| Problem to solve |
Extract the text of each entry below exactly, leaving every image behind.
________________________
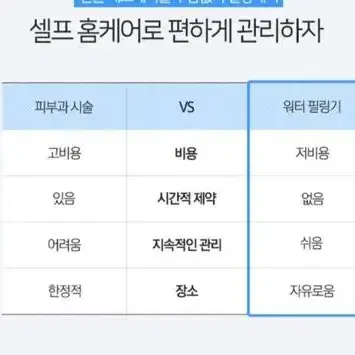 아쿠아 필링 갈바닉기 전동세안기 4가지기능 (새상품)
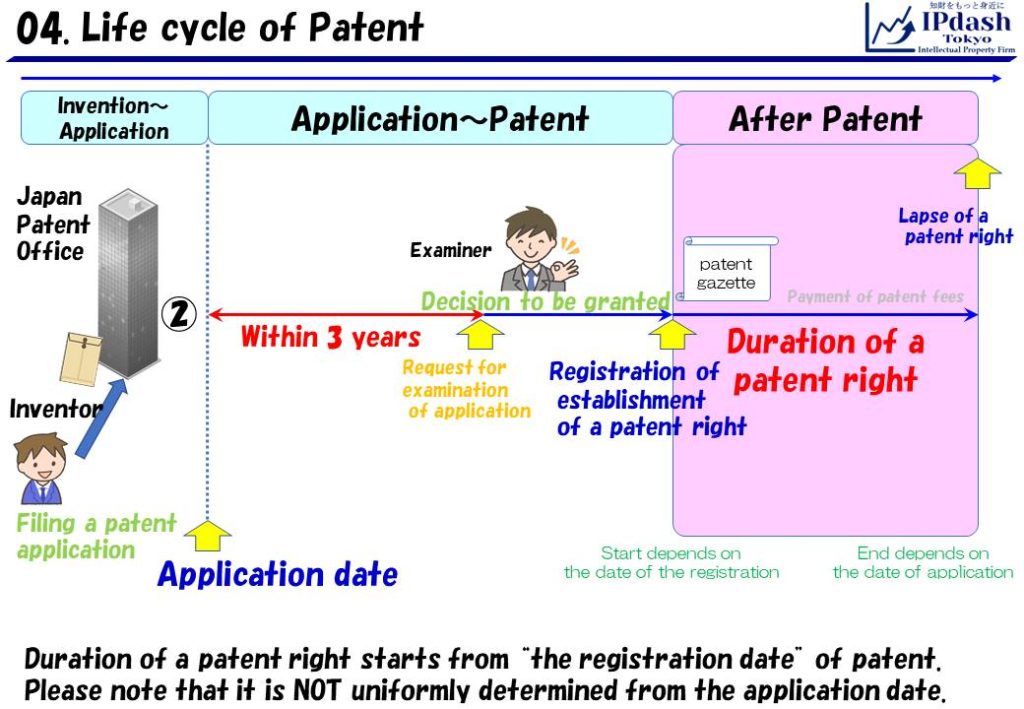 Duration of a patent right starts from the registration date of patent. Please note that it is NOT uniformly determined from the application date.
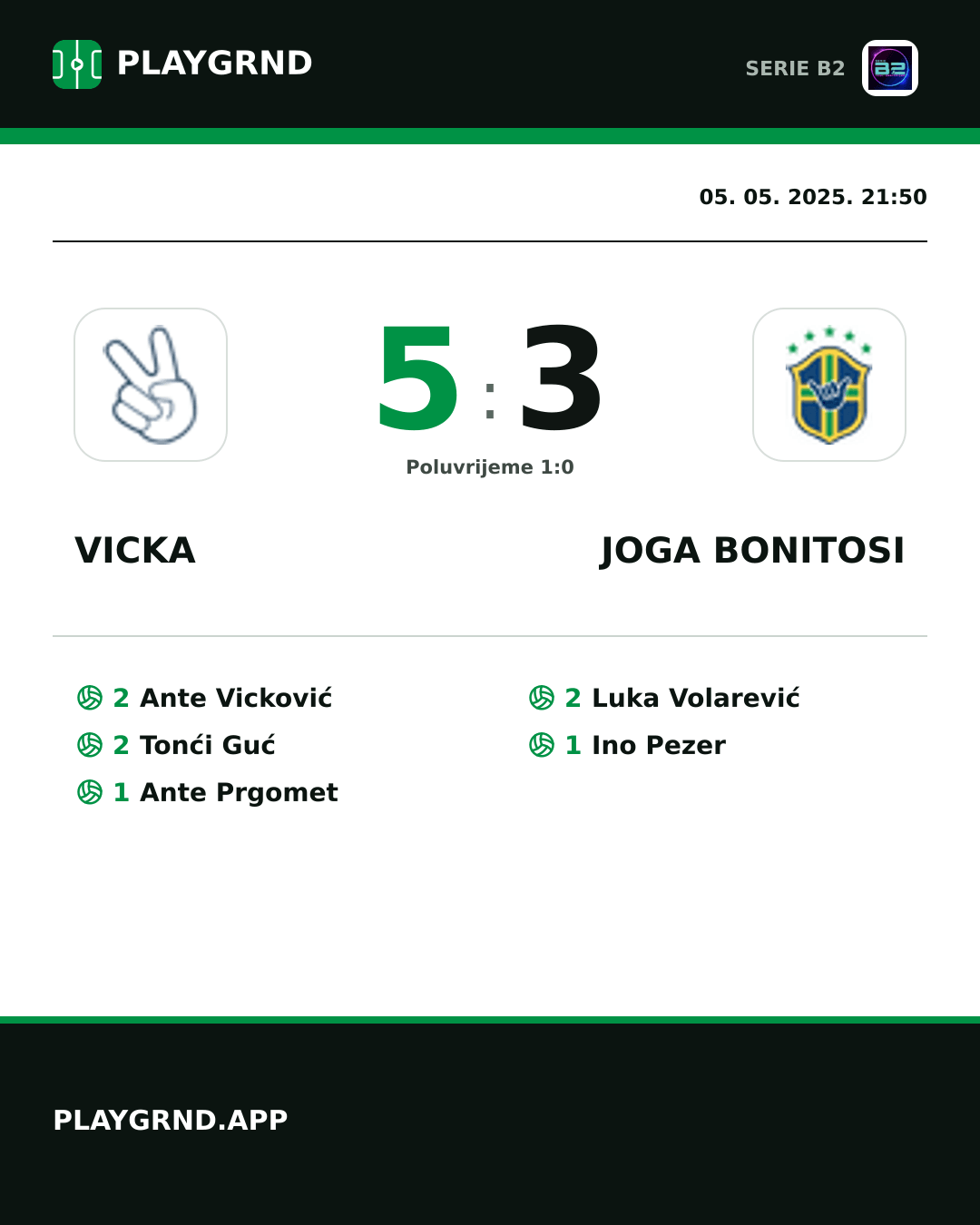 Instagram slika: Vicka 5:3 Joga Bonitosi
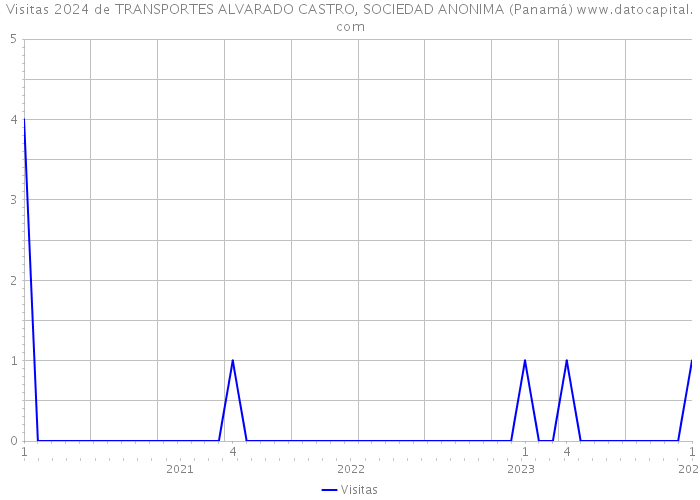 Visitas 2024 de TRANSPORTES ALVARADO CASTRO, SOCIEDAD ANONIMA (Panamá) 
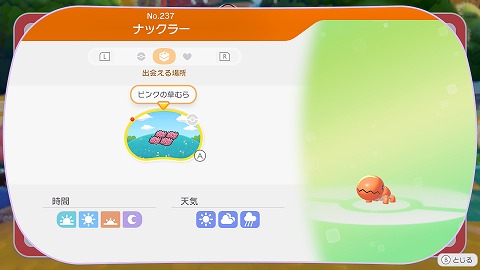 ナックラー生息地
________________________
| Exercise answer |
 아쿠아 필링 갈바닉기 전동세안기 4가지기능 (새상품)
 Duration of a patent right starts from the registration date of patent. Please note that it is NOT uniformly determined from the application date.
 Instagram slika: Vicka 5:3 Joga Bonitosi
 Visitas 2024 de TRANSPORTES ALVARADO CASTRO, SOCIEDAD ANONIMA (Panamá) 
 ナックラー生息地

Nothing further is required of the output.